1

I want to evaluate my federated learning model using tff.learning.build_federated_evaluation. Initially, got reasonable results. but can I run the evaluation process for multiple rounds (as in the training phase done here) to get more stable results?

The evaluation code is provided below.

train, test = source.train_test_client_split(source, 2,seed=0)
test_client_ids = test.client_ids

test_data= [test.create_tf_dataset_from_all_clients().map(reshape_data)
.batch(batch_size=10)
 for c in test_client_ids]

eval_process=tff.learning.build_federated_evaluation(model_fn)

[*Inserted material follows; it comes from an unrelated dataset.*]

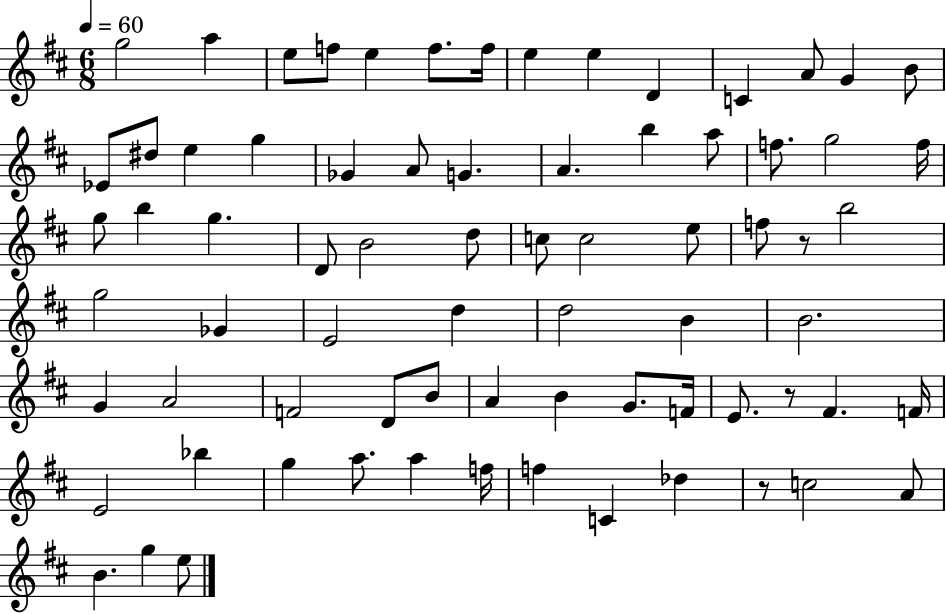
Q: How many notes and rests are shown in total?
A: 74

eval_process(state.model, test_data)

The evaluation output.

OrderedDict([('eval',
              OrderedDict([('sparse_categorical_accuracy', 0.53447974),
                           ('loss', 1.0230521),
                           ('num_examples', 11514),
                           ('num_batches', 1152)]))])
Eden
  • 325
  • 3
  • 13

1 Answers1

1

Running eval_process multiple rounds on the same test_data will not produce new information, and is expected to yield the same result every time. These results will be stable in the sense they don't change, but probably are not interesting.

Running eval_process on multiple rounds, using different test_data each round can be thought of as sampling a cohort of clients from the larger population to get an estimate of model quality. Computing many estimates from multiple samples can be used with statistical techniques, with more rounds leading to more stable an improved estimates of model quality.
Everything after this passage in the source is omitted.